**** DATA FOR REVIEW ****

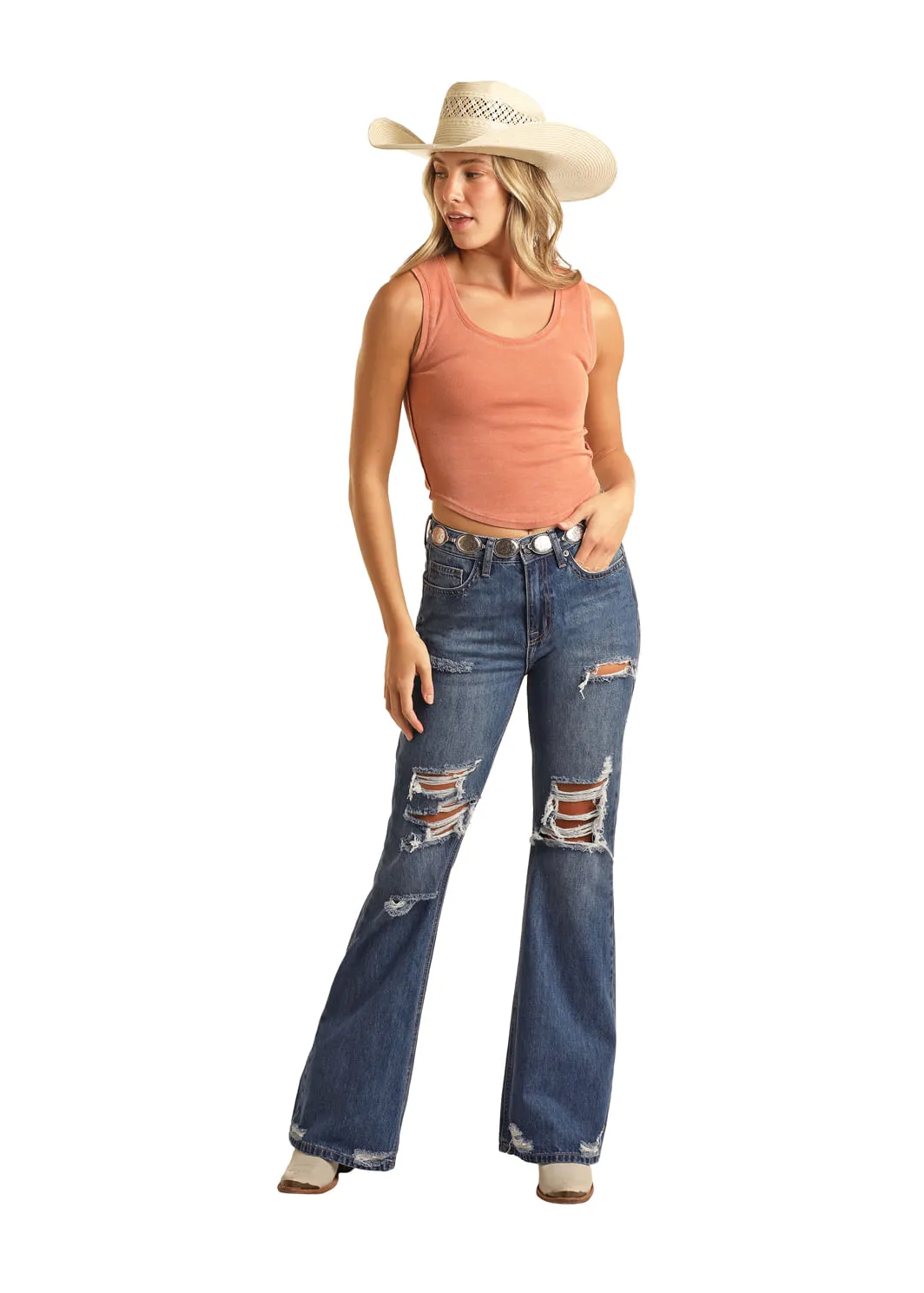 Panhandle Slim Womens Relaxed Flare Jeans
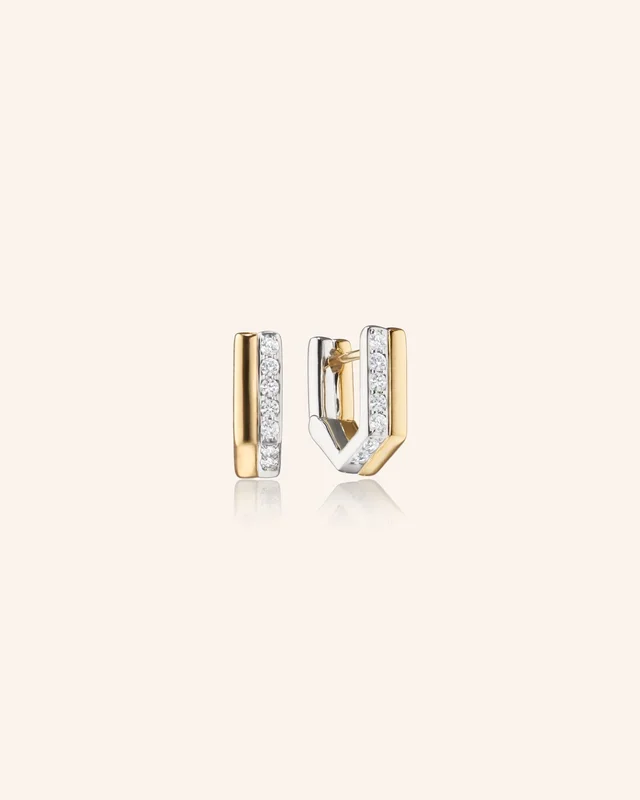 Two-Tone Infinity Huggie Earrings with White Sapphires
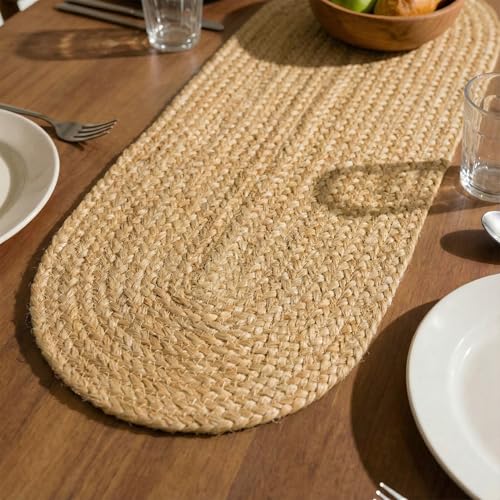 Image of Encasa XO Dining Table Runner | Handmade Woven Natural Jute Runner | Size 30x91 cm | Jute Natural Bleach Color | Heat Resistant Rustic Home Decor for Coffee, Teapoy Cover & Center Table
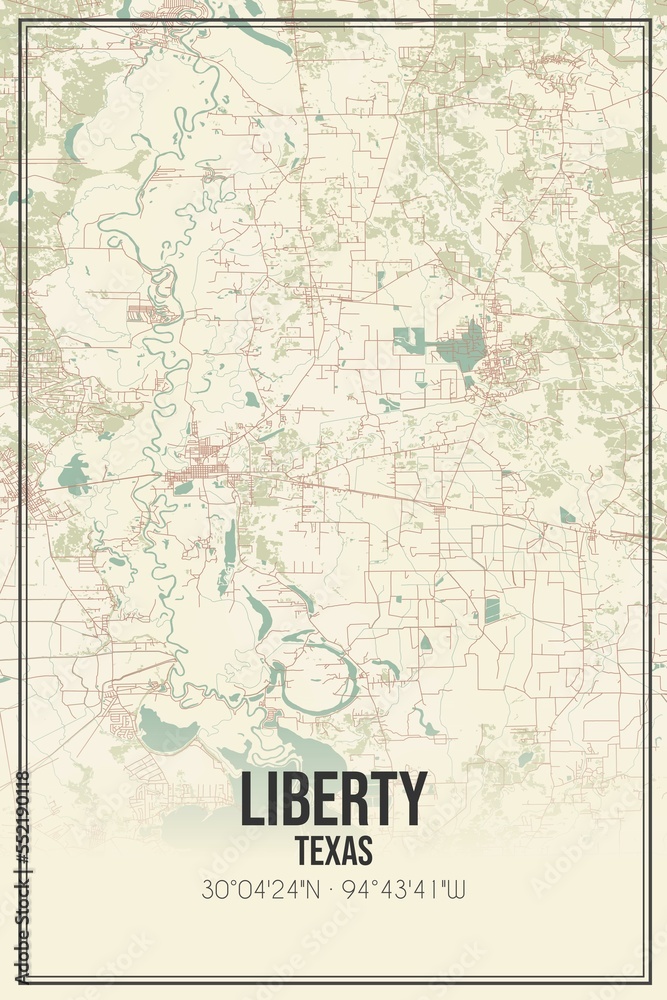 Retro US city map of Liberty, Texas. Vintage street map.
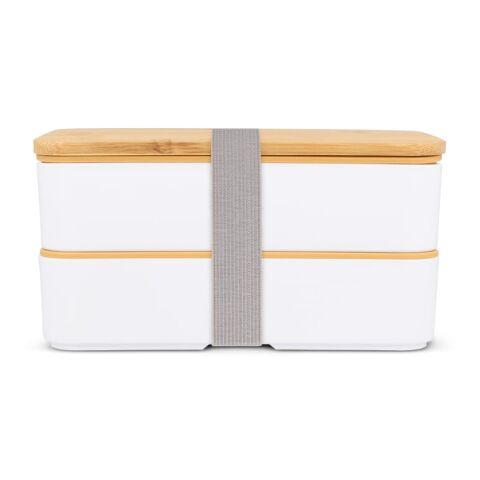 Lunchbox Bento R-PP &amp; Bambus Weiss | 1-farbiger Tampondruck | Oberseite links | 65 mm x 65 mm | Nicht verfügbar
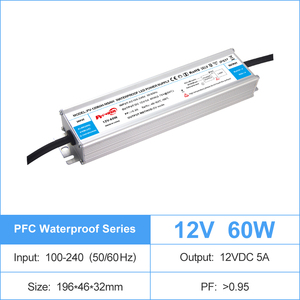 IP67 Waterproof 60W Constant Voltage PFC <b>LED</b> Strip <b>Driver</b> 100-240V AC-DC 12V/<b>24V</b> Transformer <b>LED</b> Light Box/Signage Power Supply - Product Image 3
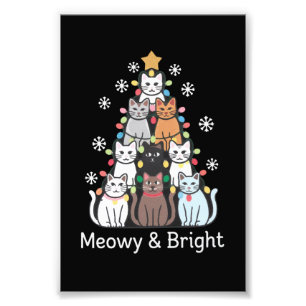 Katten Kerstboom Meowy Bright Schattige Xmas Foto Afdruk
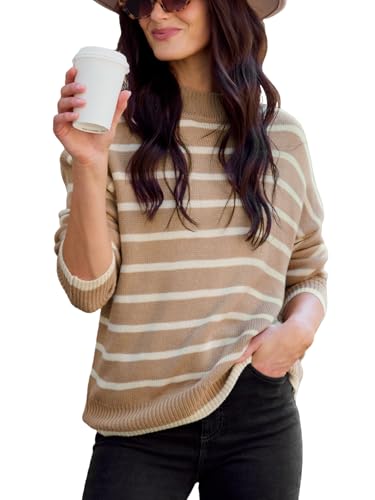 CUPSHE Damen Strickpullover Mock Neck Langarm Streifenmuster Feinstrick Pulli Unterziehpullover Oberteile Tops Lässig Knit Sweater Sand XL von CUPSHE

****

_WHAT YOU WILL DO_
Print out every record above exactly as given. Do not include the pictures.

_WORKED SOLUTION_
 Panhandle Slim Womens Relaxed Flare Jeans
 Two-Tone Infinity Huggie Earrings with White Sapphires
 Image of Encasa XO Dining Table Runner | Handmade Woven Natural Jute Runner | Size 30x91 cm | Jute Natural Bleach Color | Heat Resistant Rustic Home Decor for Coffee, Teapoy Cover & Center Table
 Retro US city map of Liberty, Texas. Vintage street map.
 Lunchbox Bento R-PP &amp; Bambus Weiss | 1-farbiger Tampondruck | Oberseite links | 65 mm x 65 mm | Nicht verfügbar
 IP67 Waterproof 60W Constant Voltage PFC <b>LED</b> Strip <b>Driver</b> 100-240V AC-DC 12V/<b>24V</b> Transformer <b>LED</b> Light Box/Signage Power Supply - Product Image 3
 Katten Kerstboom Meowy Bright Schattige Xmas Foto Afdruk
 CUPSHE Damen Strickpullover Mock Neck Langarm Streifenmuster Feinstrick Pulli Unterziehpullover Oberteile Tops Lässig Knit Sweater Sand XL von CUPSHE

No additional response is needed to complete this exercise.